Of course validatiing this data by OpenCDISC 1.5 generates errors for these two data; “Value for ETHNIC not found in (ETHNIC) CT codelist” and “Value for RACE not found in (RACE) CT codelist”.
This modified terminology.txt is encoded by EUC-JP encoding. But OpenCDISC 1.5 interprets delimited text files using platform’s “default text encoding”. EUC-JP is not the default on Windows nor Mac in Japanese locale, so OpenCDISC 1.5 still report same errors, though terminology file now supports the value.
Try applying my patch above, and specify Engine.ControlledTerminology.FileEncoding = EUC-JP on settings.properties file. After that, these errors will disappear.
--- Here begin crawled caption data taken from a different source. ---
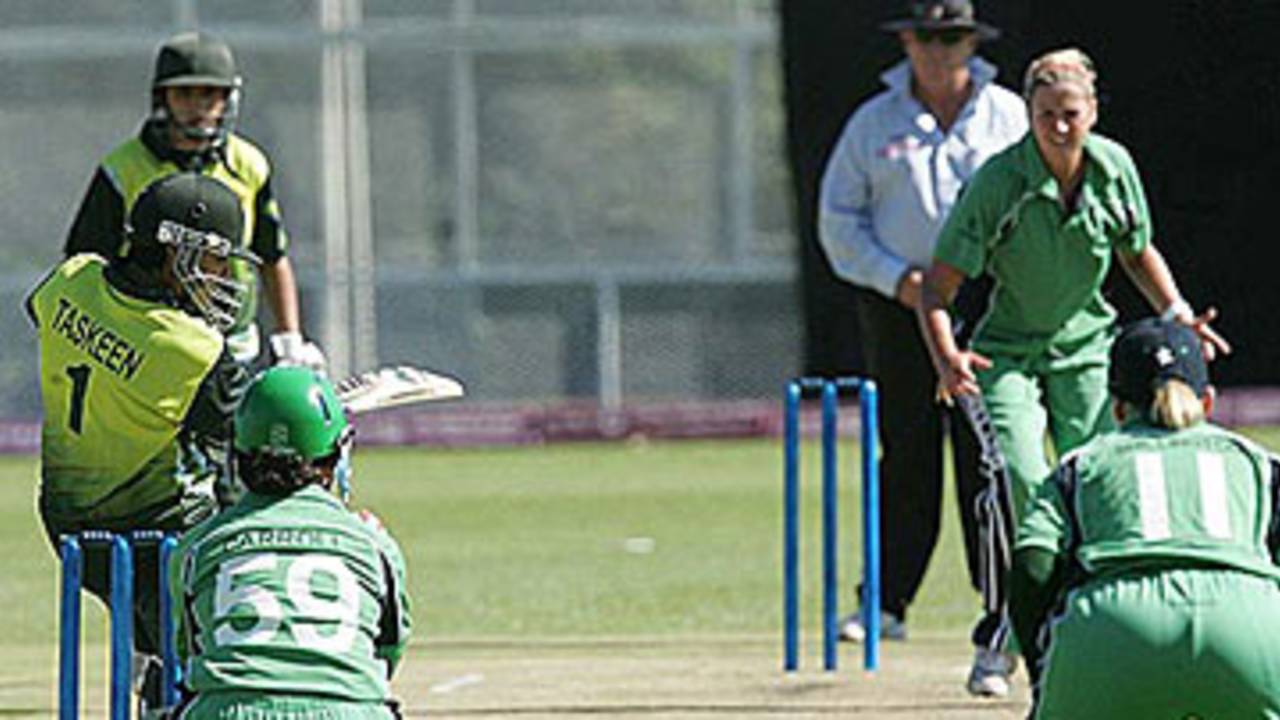 Tasqeen Qadeer cuts on her way to 30, Ireland Women v Pakistan Women, ICC Women's World Cup Qualifier, Stellenbosch, February 18, 2008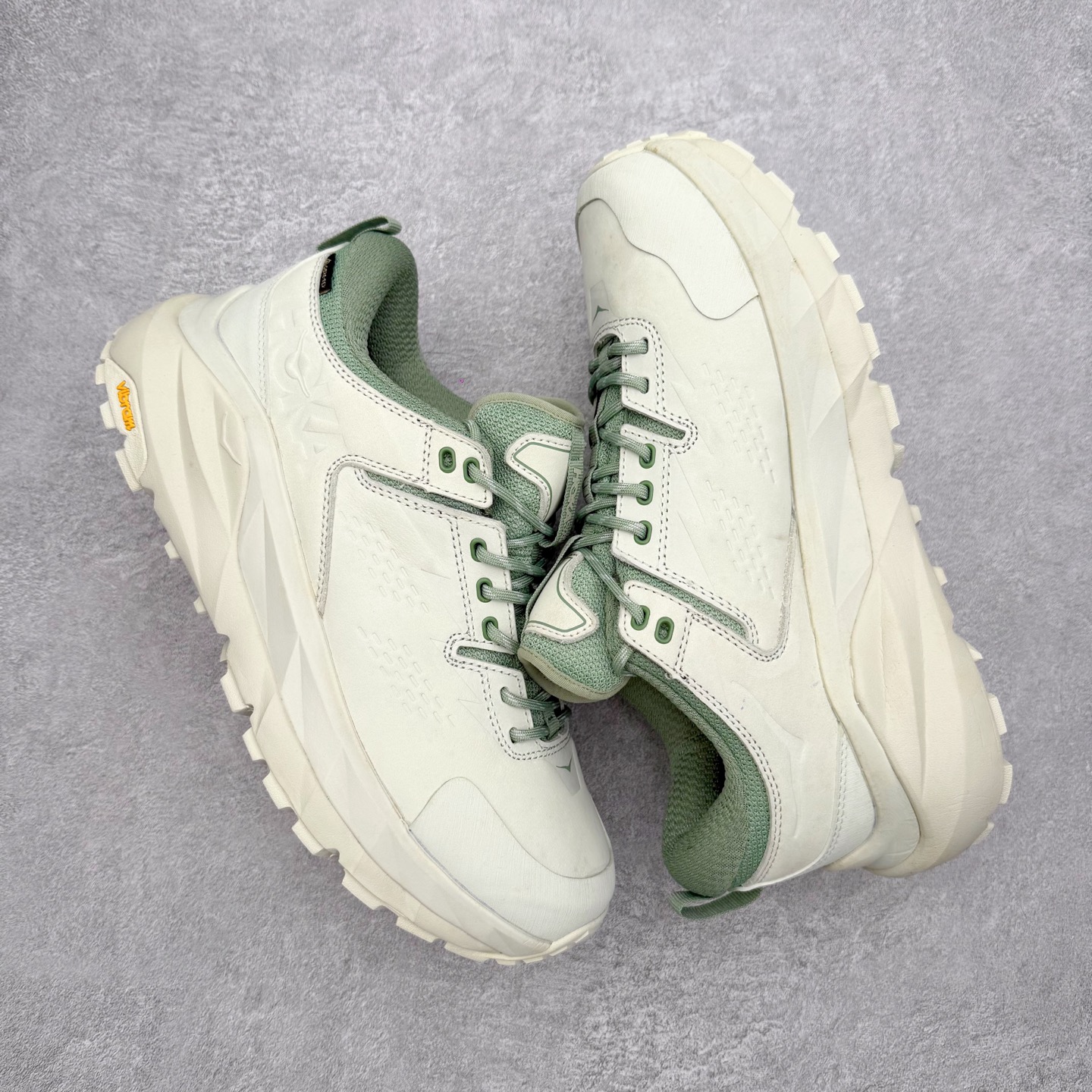 图片[3]-HOKA ONE ONE Kaha Low GTX 卡哈 牛皮织物皮革 缓震 防滑防水透气支撑抓地 低帮 户外功能鞋 男女同款 HOKA ONE ONE是来自美国的跑步鞋知名品牌，创立于2009年，始终致力于为所有跑者提供更新、更好的跑步装备。相比常规跑鞋，HOKA ONE ONE特别研发使用性能独特的几何形跑鞋中底，此种鞋底更厚、更高、回弹性也更好，除了卓越的缓冲性能，它还能內各种阶段的跑者带来更具动感、更加稳定的跑步体验。HOKAONE ONE从设计之初就清楚意识到，要保证跑者步幅的均匀一致，双脚自然而然的运动至关重要。尺码：36 36.5 37.5 38 38.5 39 40 40.5 41 42 42.5 43 44 44.5 45-选品中心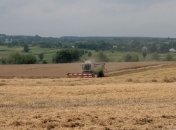 Рада поддержала закон о коллективной собственности на землю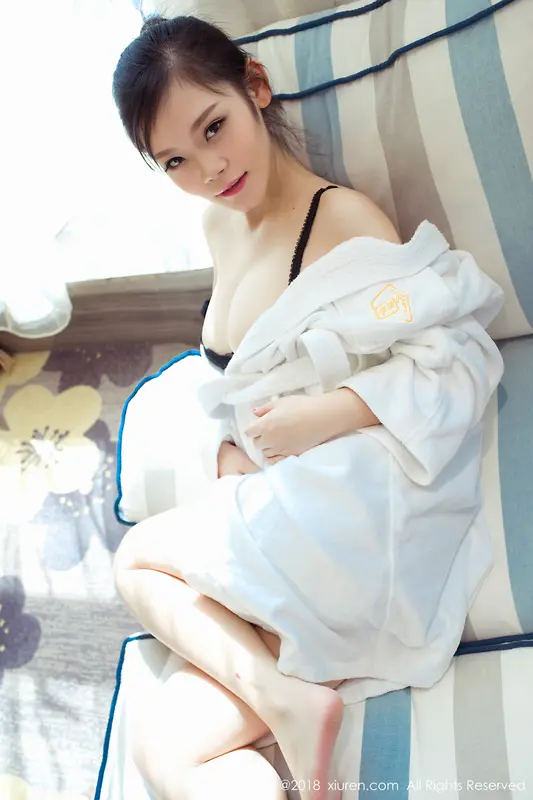 [XIUREN秀人网]2018.01.16 No.898 黎美儿Cici – 004.webp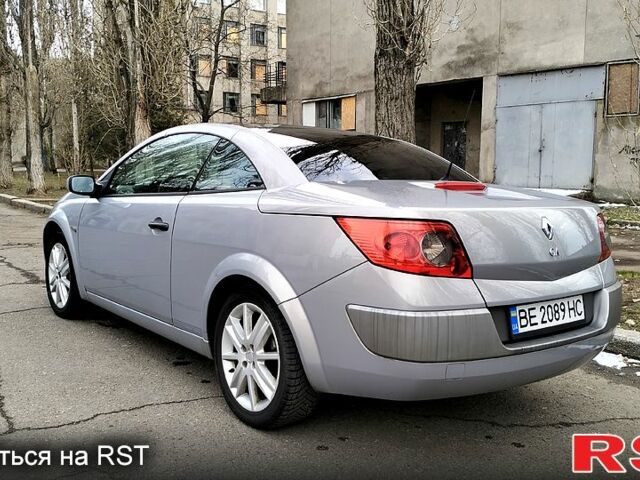 Сірий Рено Меган, об'ємом двигуна 1.9 л та пробігом 220 тис. км за 4350 $, фото 3 на Automoto.ua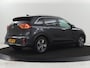 Kia Niro Hybrid 1.6 GDi ExecutiveLine | Panoramadak | Trekhaak | Adaptive cruise | JBL sound | Stoel & Stuurverwarming | Stoelkoeling | Stoelverwarming achter | Carplay | Sfeerverlichting | Side assist | Camera | Climate control | Bluetooth | DAB+ | Navigatie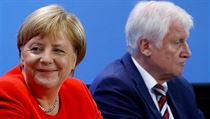 Nmeck kanclka Angela Merkelov a spolkov ministr vnitra Horst Seehofer.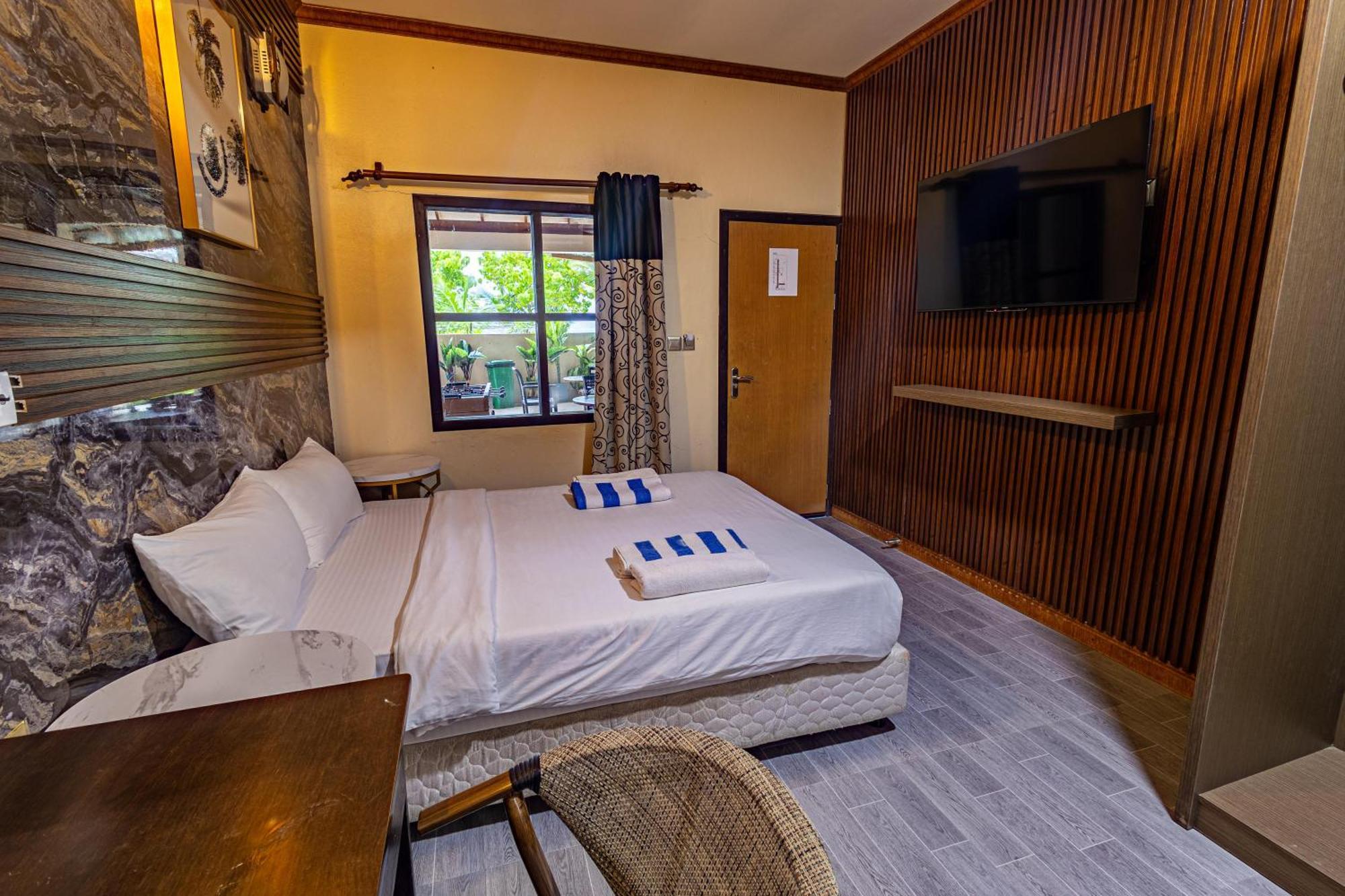 Bibee Maldives Hotel Dhiffushi Exterior photo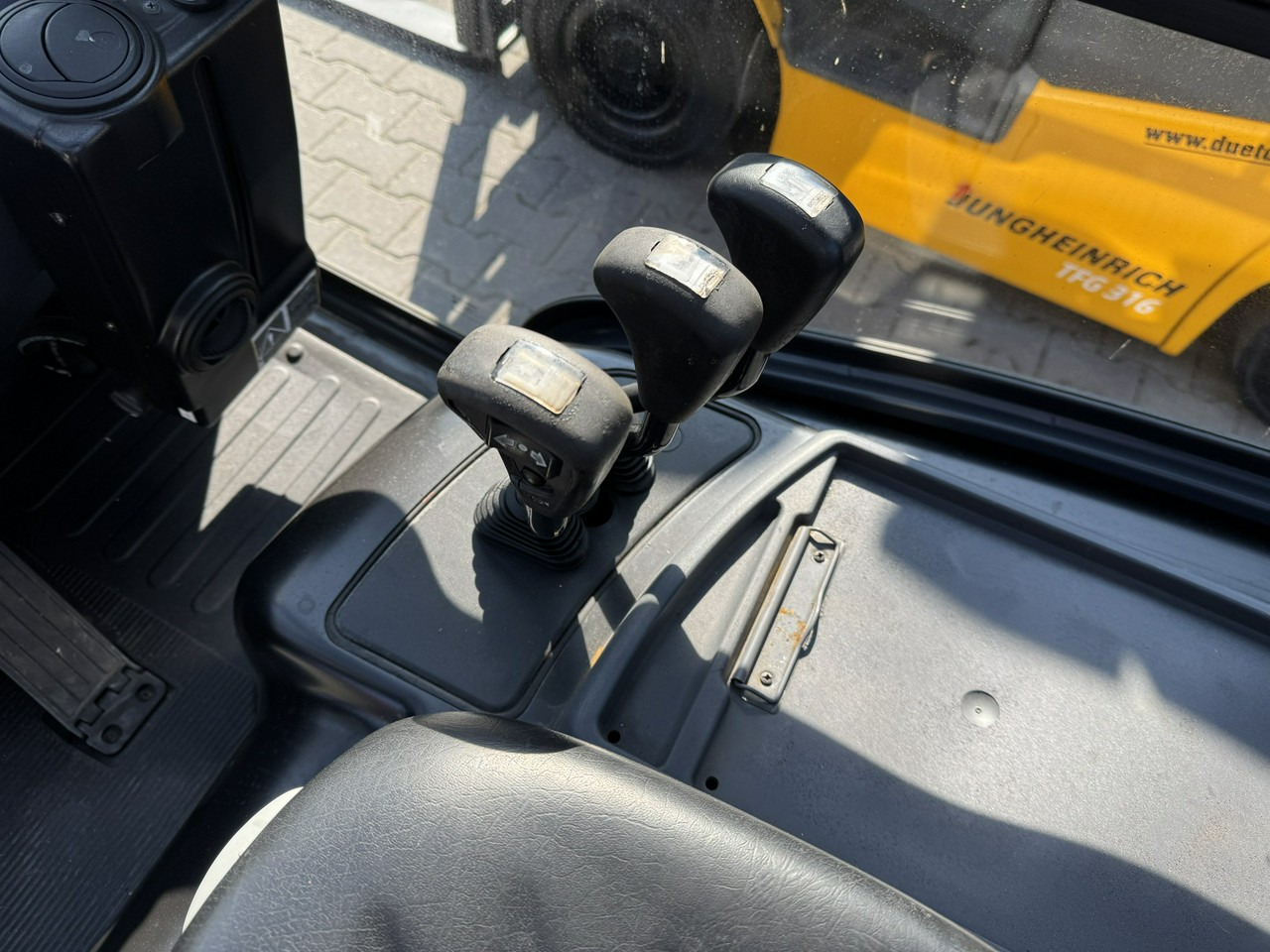 Chariot élévateur à gaz Jungheinrich TFG 316 Duplex Przesuw Boczny Oświetlenie Robocze: photos 8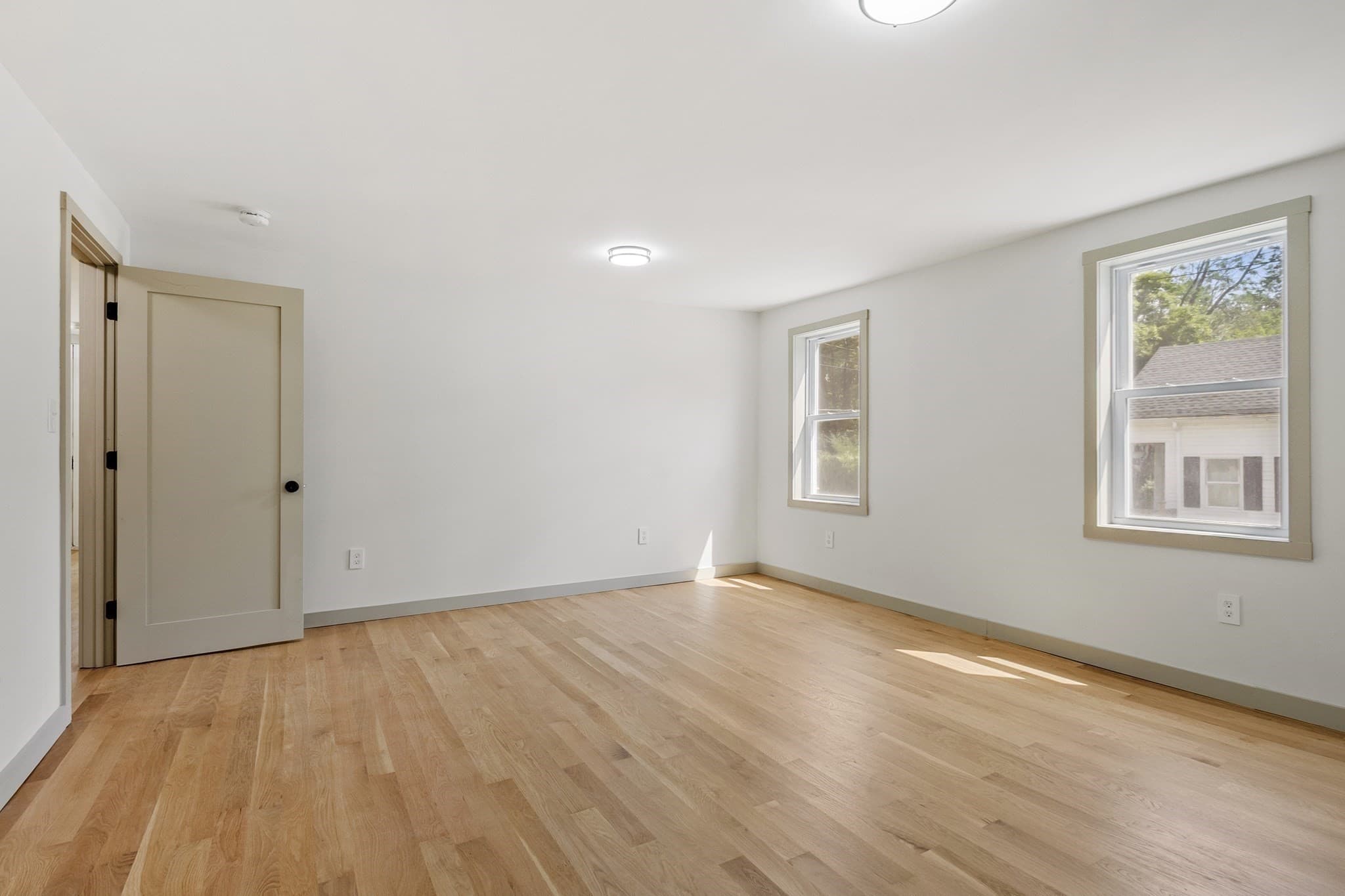 2 Family - 2 Units Side by Side at 25 Main St, Ashburnham MA 01430, photo 13 of 42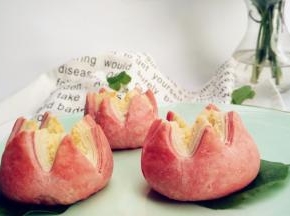 做好的荷花酥，酥到掉渣渣的。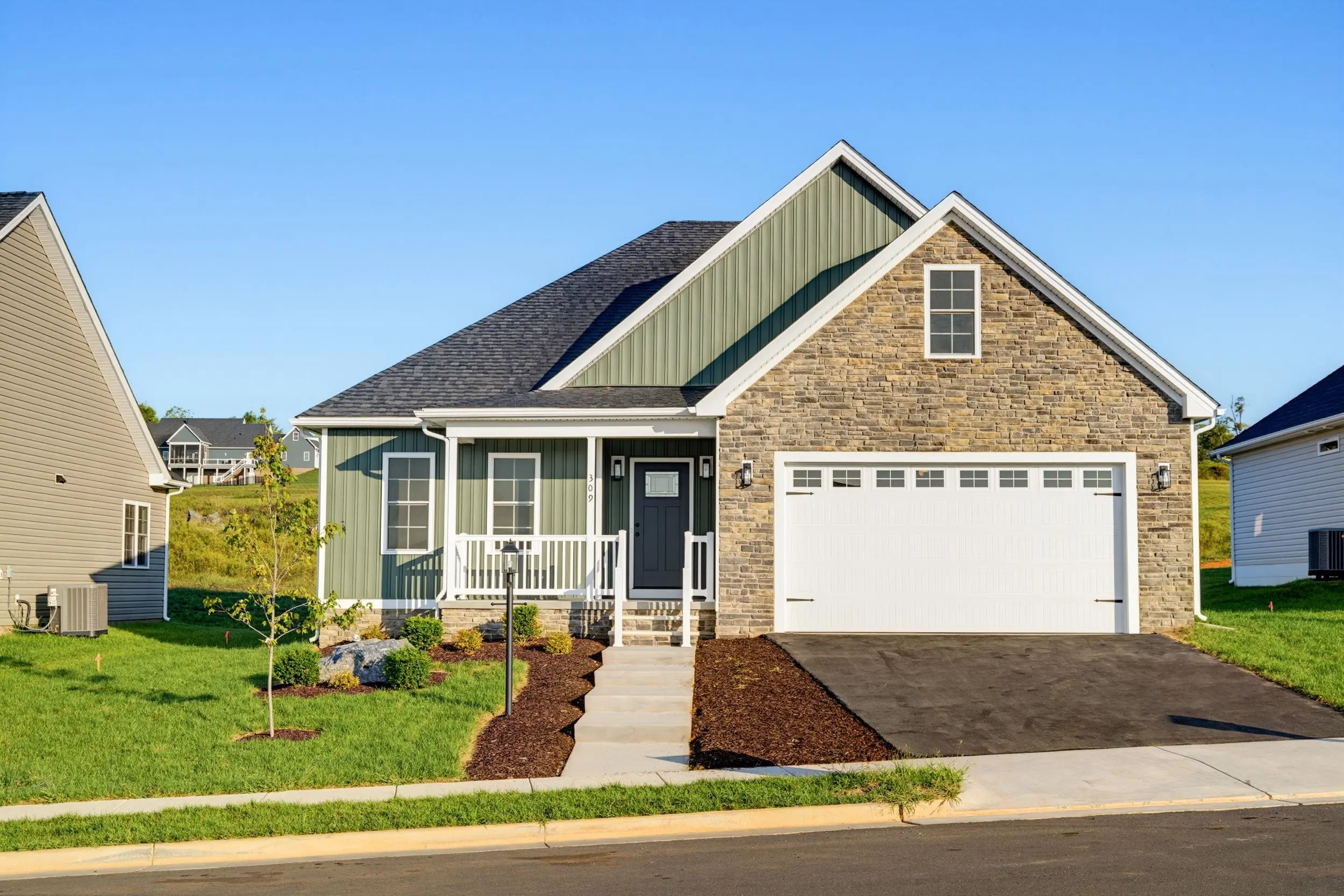 309 Ridge Crest Ter, Waynesboro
I’m testing OpenCDISC 1.5 with some dataset with Japanese characters.
OpenCDISC 1.5 can handle Japanese values correctly when it is passed by Dataset-XML format. (but currently .xpt format seems not to be supported yet).
But still there is a problem to validate datasets with non-ASCII characters. Checking controlled terminologies is done by parsing text files in config/data/CDISC/SDTM/yyyy-mm-dd/ folder, but there is no way to specify character encoding for these terminology files. It will be a barrier when users would like to check their data by localized terminologies.